Dr Rooney: We tend to work on the public information side. We mirror the information gathered in other countries, and we are looking very carefully at all of it to see how public awareness and public attitudes are tracked. We are looking at Scotland, England and Wales in that regard, and, through this process, we will be continuing to gather our own information to track our public attitudes.

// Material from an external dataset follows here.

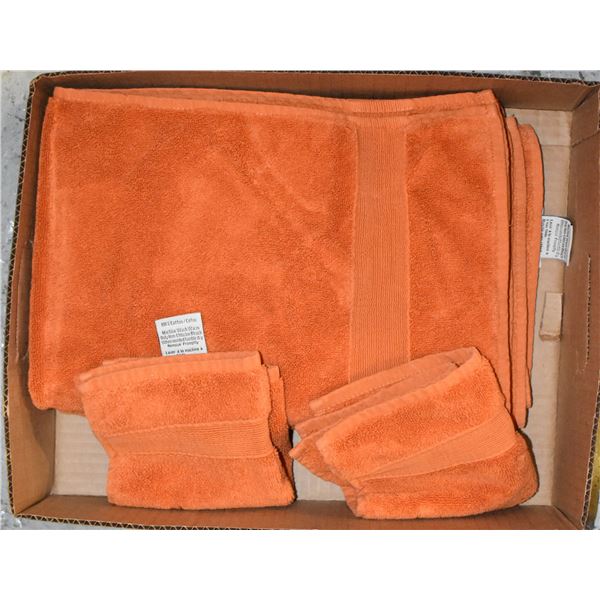 BOX WITH 2 PLUSH HAND TOWELS AND 2 FACE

Mr McKinney: Yes, but you can see where I am concerned. I hear people saying, "Oh, it's better to wait. Let's see how it goes". Then, in the next breath, they are saying, "But we wouldn't know how we'd know".

Mr Johnston: I do not think that that is strictly accurate, because we will have two systems operating in the UK. We are going to have a voluntary system in England, here and Scotland, and a statutory soft opt-out system in Wales. So, I think you will be able to look and see whether there is a correlation. You will be able to see whether the numbers in Wales dip as a result of the legislation coming in, while the levels in the other three jurisdictions remain the same. It depends on the degree of dip. If it is a significant dip, you could argue that there is a correlation; if it is not a significant dip, then it might be down to other factors. I think that there is an opportunity to do a bit of comparing to see whether that has an impact in Wales. Eddie has been involved in a step forward campaign. You can see that a campaign like that has had a definite improvement here, for example, compared to the other jurisdictions.

Mr McKinney: If we do not legislate in this mandate, it could be any length of time before we have it. We could achieve the certainty, which you think people need, in that space of time.

Mr Johnston: There would certainly be no negative impact.

Mr McKinney: In terms of the context of my previous questions, you are saying that certainty causes differences in opinion, depending on what is said loudest or softest in the debate. You would think that, if we achieved some certainty, it would achieve a better outcome.

Dr Rooney: I talked about the certainty. I think it depends on the communication of debates and how the public take that. I do not think that anybody could assess what the impact would be of the legislation taking six months or 12 months, because nobody has yet been able to assess the impact of legislation, even internationally. There is no agreement or consensus on that; it varies from country to country. We are all in pretty new territory. That is why there is such an interest in looking at Wales. They have taken a new, and very robust, position, and the way in which they have done it, regarding the public information around it, has broken new ground. That is why we are looking at that. All of the evidence and reviews that have been gathered do not give us a clear picture of what the impact of legislation has been in any country, and we cannot draw from those examples. We are in new territory, Fearghal.

The Chairperson (Ms Maeve McLaughlin): I thank all of you for your contributions today. We look forward to the developing role of the Department, in particular, and any forthcoming amendments. We look forward to getting sight of those and reflecting on them. Thank you very much; it has been very useful.

Mr Johnston: Chair, it would be useful if we could have a discussion with the Committee Clerk on how you want us to bring forward the work. That would assist us in our planning over the next few weeks.

The Chairperson (Ms Maeve McLaughlin): OK. I have no issue with that. Thank you, again.